In such a context, the kinetic parameters mentioned above (fraction of the observed population and diffusion coefficient of each of the states) can be inferred by fitting a model to the histogram of jump lengths derived from single particle data (SPT). In an histogram of jump lengths, several populations can overlap with various diffusion coefficients. The slow-moving fraction tends to show short displacements, possibly dominated by localization error while the fast-moving fraction shows bigger jumps. Such fractions can be estimated using adequate modeling.

Such model has to account for two extra parameters: localization error and particles moving out of focus.

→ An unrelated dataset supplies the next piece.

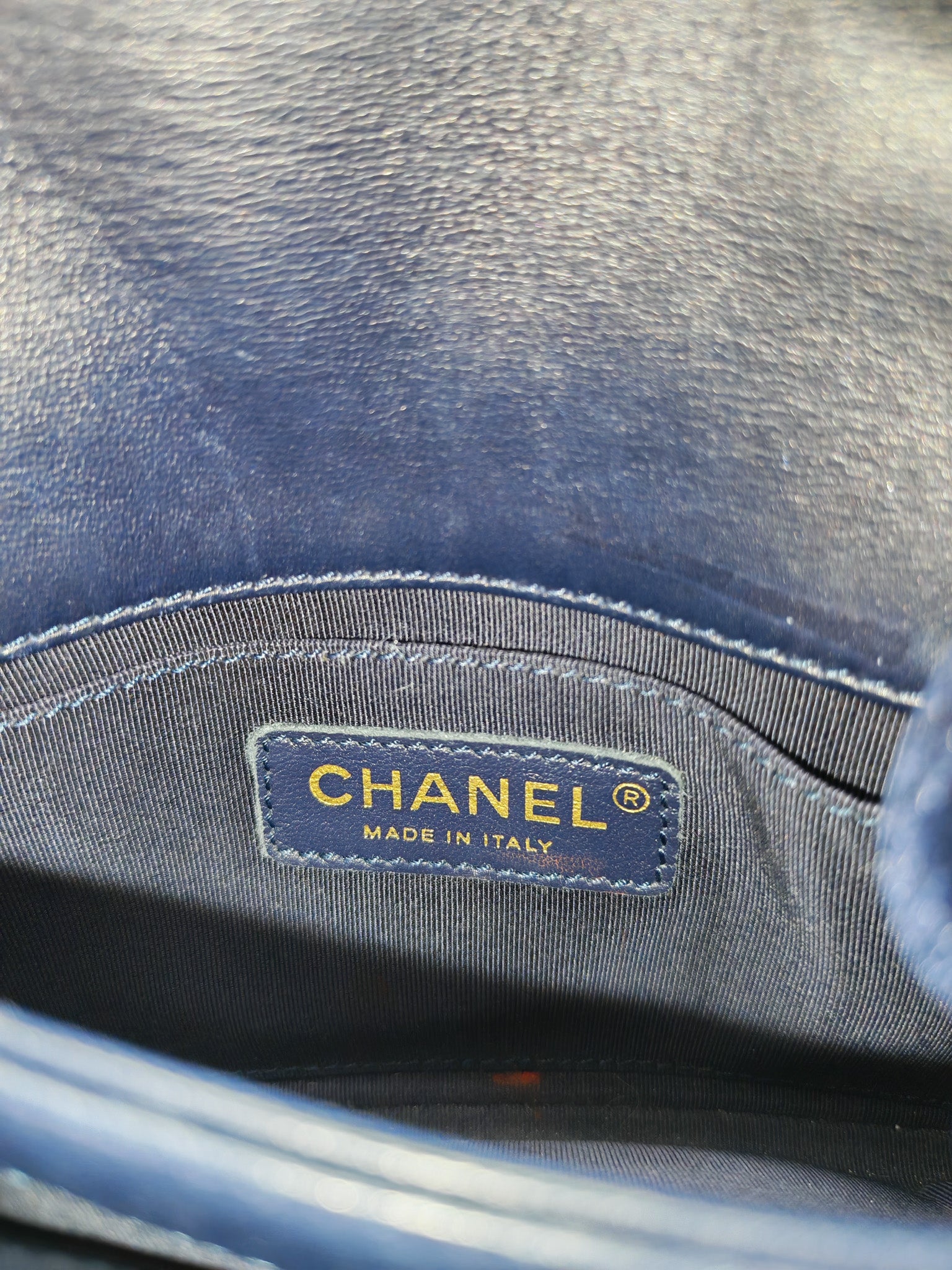 Mini Unchained Flap in Navy Blue Lambskin Leather and Gold Hardware Series 24 | Purse Maison Luxury Bags Shop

Derivation of the two states kinetic model

The evolution over time of a concentration of particles located at the origin as a Dirac delta function and which follows free diffusion in two dimensions with a diffusion constant \(D\) can be described by a propagator (also known as Green’s function). Properly normalized, the probability of a particle starting at the origin ending up at a location \(r = (x,y)\) after a time delay, \(\Delta t\), is then given by:

$$P(r, \Delta t) = N \frac{r}{2D\Delta t}e^{-\frac{r^2}{4D\Delta t}}$$

Here, \(N\) is a normalization constant with units of length. In practice, this distribution is compared to binned data: we integrate this distribution over a small histogram bin window \(\Delta r\), to obtain a normalized distribution and to compare to the empirically measured distribution. For simplicity, we therefore leave out this normalization constant of subsequent expressions.

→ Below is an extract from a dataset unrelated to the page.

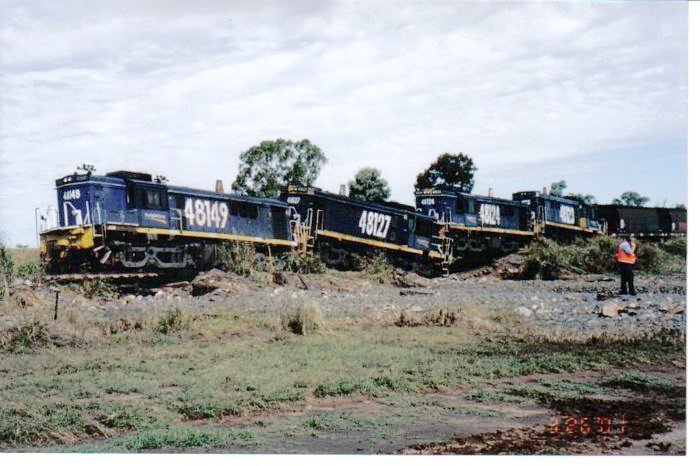 The scene of a derailment involving 4 48 class locos.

Furthermore, in practice, we are unable to determine the precise localization of a single molecule. Instead, it is associated with a certain localization error \(\sigma\). Correcting for localization errors is important because it will other- wise appear as if molecules move further between frames than they actually did. Thus, we obtain the following expression for the jump length distribution taking localization error, \(\sigma\), into account (Matsuoka et al., 2009)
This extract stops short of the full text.